Segment Open

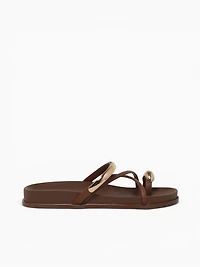 Ring Flat Chocolate Jlastic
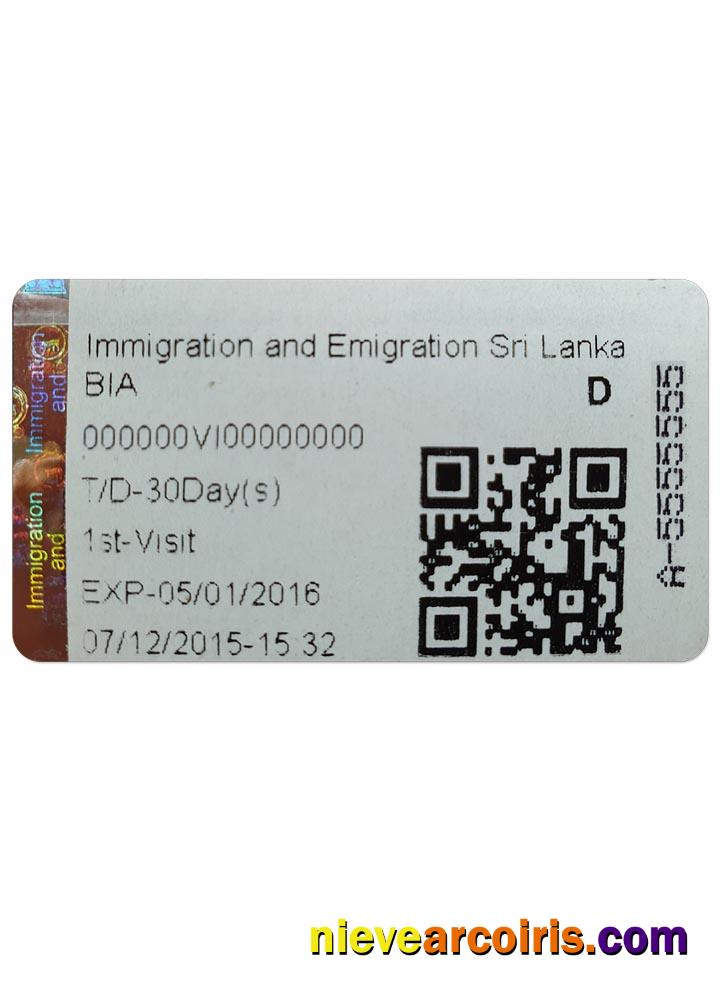 SRI LANKA IMMIGRATION AND EMIGRATION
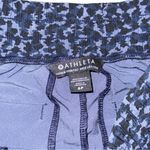 Athleta NWOT Avenue Printed Wide Leg Crop Pants Allure Navy Sz 6 Petite Pull On Photo 7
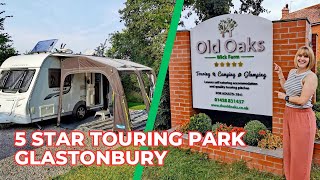 5 Star Adults Only Caravan Site  Old Oaks Touring Park Glastonbury [upl. by Fairley]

Segment Closed

» ABOUT THIS TASK
Once the pictures are dropped, repeat the data above exactly.

» SOLUTION TO THIS PROBLEM
 Ring Flat Chocolate Jlastic
 SRI LANKA IMMIGRATION AND EMIGRATION
 Athleta NWOT Avenue Printed Wide Leg Crop Pants Allure Navy Sz 6 Petite Pull On Photo 7
 5 Star Adults Only Caravan Site  Old Oaks Touring Park Glastonbury [upl. by Fairley]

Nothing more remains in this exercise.